В редакции 1928 года эта деталь бытовизируется, и потому связь ее с образом зеркала кажется ослабленной, хотя в действительности здесь происходит обратное. В тексте 1913 года упоминание о стекле не поддержано мотивом зеркальности, тогда как стихотворение 1928 года начинается с экспликации стекла и завершается метафорическим образом водного зеркала, создавая своего рода стеклянно-зеркальную раму текста.

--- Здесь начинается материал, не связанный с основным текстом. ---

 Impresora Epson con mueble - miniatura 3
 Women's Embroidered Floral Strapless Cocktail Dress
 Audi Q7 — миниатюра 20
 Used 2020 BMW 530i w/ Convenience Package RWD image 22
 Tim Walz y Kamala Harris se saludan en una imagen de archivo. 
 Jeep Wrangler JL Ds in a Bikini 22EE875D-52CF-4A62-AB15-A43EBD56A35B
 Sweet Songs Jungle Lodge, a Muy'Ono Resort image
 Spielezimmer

Порой в тех или иных произведениях, проекционно ориентированных на Венецию, проявляется четкая семантическая маркированность стеклянного мира с ясно обозначенной ценностной прикрепленностью, как, к примеру, в «Городе будущего» (1920) В. Хлебникова, где город предстает как некое утопическое порождение, геометризованный образ будущей жизни:
Здесь площади из горниц, в один слой,
Стеклянною страницею повисли,
Здесь камню сказано «долой»,
Когда пришли за властью мысли.
Прямоугольники, чурбаны из стекла,
Шары, углов, полей полет,
Прозрачные курганы, где легла
Толпа прозрачно-чистых сот…
Мир этот полностью проницаем для взгляда и благодаря этому зрительно широк, но в то же время внутренне разграничен и малоподвижен. Образ раскрытой стеклянно-зеркальной книги как сквозной метафоры города указывает на его развернутость вовне и дематериализацию в путанице многочисленных отражений:
Дворцы-страницы, дворцы-книги,
Стеклянные развернутые книги,
Весь город — лист зеркальных окон…
… Ты мечешь в даль стеклянный дол,
Разрез страниц стеклянного объема
Широкой книгой открывал.
И здесь на вал окутал вал прозрачного холста,
Над полом громоздил устало пол,
Здесь речи лил сквозь львиные уста
И рос, как множество зеркального излома.
И. П. Смирнов по поводу данного стихотворения замечает: «В. Хлебников знакомит нас в утопическом стихотворении „Город будущего“ со всемирной Венецией, страной зеркал»[124].